Genmai雑記帳

・・・人にやさしく

仙台高裁秋田:遺留分算定の対象となる「1年間」・減殺の権利濫用

昭和35年(ネ)第48号遺留分減殺請求控訴事件
昭和36年09月25日 仙台高秋田支判
判示事項

1.停止条件付贈与と1030条の「一年前」ほか
2.養子による遺留分減殺請求の権利の濫用

(抽出・加工あり。原文参照)

(二)〜弥吉は被控訴人に対し、昭和25年〜第二目録記載の不動産を贈与し、かつ〜第一目録記載の不動産も〜知事の許可を停止条件として贈与〜
〜昭和30年〜県知事に対し〜許可を申請〜、登記〜
〜1030条〜相続開始前の1年前〜贈与にあたるかどうかは、停止条件附で贈与の意思表示がされた場合であると否とを問わず、贈与の意思表示がされた時を標準として判断すべく〜意思表示〜が〜1年前であるときは、相続開始前の1年前〜贈与である〜。

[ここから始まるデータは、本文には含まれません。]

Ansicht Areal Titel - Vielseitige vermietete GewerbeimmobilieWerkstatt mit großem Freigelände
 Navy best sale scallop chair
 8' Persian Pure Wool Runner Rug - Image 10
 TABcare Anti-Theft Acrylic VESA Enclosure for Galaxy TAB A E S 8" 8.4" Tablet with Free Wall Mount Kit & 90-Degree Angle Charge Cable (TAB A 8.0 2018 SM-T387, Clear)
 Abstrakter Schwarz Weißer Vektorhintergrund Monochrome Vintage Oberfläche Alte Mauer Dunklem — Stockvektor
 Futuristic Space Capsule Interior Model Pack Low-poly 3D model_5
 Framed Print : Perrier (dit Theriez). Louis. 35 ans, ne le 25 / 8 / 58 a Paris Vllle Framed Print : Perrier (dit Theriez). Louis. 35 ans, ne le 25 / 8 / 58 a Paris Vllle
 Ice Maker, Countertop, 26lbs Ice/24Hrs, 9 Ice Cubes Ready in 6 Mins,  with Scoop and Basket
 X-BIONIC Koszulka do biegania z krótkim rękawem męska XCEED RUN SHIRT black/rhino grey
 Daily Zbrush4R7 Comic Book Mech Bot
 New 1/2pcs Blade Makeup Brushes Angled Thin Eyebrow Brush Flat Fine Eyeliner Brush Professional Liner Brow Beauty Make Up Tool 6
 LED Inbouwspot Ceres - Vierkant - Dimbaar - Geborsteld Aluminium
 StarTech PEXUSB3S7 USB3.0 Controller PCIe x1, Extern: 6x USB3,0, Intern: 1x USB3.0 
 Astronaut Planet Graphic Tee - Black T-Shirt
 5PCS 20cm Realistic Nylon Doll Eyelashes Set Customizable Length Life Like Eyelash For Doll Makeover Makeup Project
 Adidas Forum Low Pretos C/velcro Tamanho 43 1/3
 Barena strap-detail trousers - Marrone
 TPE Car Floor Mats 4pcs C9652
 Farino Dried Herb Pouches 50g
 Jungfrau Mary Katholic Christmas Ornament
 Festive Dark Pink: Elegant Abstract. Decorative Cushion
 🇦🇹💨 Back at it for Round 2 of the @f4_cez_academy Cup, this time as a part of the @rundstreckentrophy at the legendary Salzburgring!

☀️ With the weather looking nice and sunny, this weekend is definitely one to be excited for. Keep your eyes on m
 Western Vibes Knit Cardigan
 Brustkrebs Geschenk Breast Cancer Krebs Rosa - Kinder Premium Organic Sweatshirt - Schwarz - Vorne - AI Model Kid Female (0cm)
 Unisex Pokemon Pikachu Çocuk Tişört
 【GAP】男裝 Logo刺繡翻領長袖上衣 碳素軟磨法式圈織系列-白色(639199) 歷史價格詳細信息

〜。

3〜控訴人は昭和2年〜弥吉夫婦と〜養子となつたが、〜協力し養家をもりたてていく気持が乏しく、家業の農業も怠りがち〜折り合いもとかく円満を欠き、そのうえ当時の経済不況も重なり〜所有していた約二町歩の自作田も昭和15年〜当時にはその大半が他人の手に移つたのみならず、弥吉はかなりの借財を負担するに至つた〜

〜控訴人は〜窮迫した養家に見切りをつけ、養家から独立して別個に世帯を設けて自己の恩給と成長した子供の働きとにより生活することを決意〜弥吉夫婦や親族等の熱心な引き留めもききいれず、養家の財産は一切いらないと言明し〜62才の養父〜と58才の養母チヨをあとに〜をあとに残したまま、妻子を連れて養家を立ち去り、以後、養父母を扶養したことのない〜、〜交際も全く絶ち、他人同様の関係〜、弥吉死亡の通知を受けながら、その葬儀にすら出席しなかつた。

〜養家では控訴人が立ち去つたため働き手を失い、家業の農業の継続はもとより生活の維持すらあやぶまれる事態に立ち至つた〜
〜親族相寄り協議〜分家筋にあたる弟〜の長男被控訴人を弥吉家に迎えいれることになつた〜
〜被控訴人は〜農業に精進し〜扶養に勉め、弥助の援助を得て弥吉の借財も整理し、弥吉家の再建に努力してきた。
そこで、弥吉は、その一切の財産を挙げて被控訴人に贈与し〜老後と祖先の祭祀を同人に託し、被控訴人は〜死亡までみとりその葬儀を営み〜現にチヨを扶養している〜

 〜控訴人は養家の窮迫時に、その窮迫について自己も一半の責任を負つているにかかわらず、身勝手にも、老令の養父母を見捨てたもので、養親子間の信頼関係を破壊する不信行為というべく、しかも、控訴人は、養家の財産は一切いらないと表明して養家を立ち去り、以後全く養子たるの実質を失いながら、本訴請求〜
〜信義にそむく行為〜養子とは名ばかりの控訴人の本訴請求は遺留分制度の趣旨にももとる〜、さらに〜専ら被控訴人の努力、精進により建て直された〜財産の分配を受けること〜養家の窮状を傍観しその再建になんらの力もかさなかつた控訴人に本訴請求を許容することは、衡平の原則にも反する。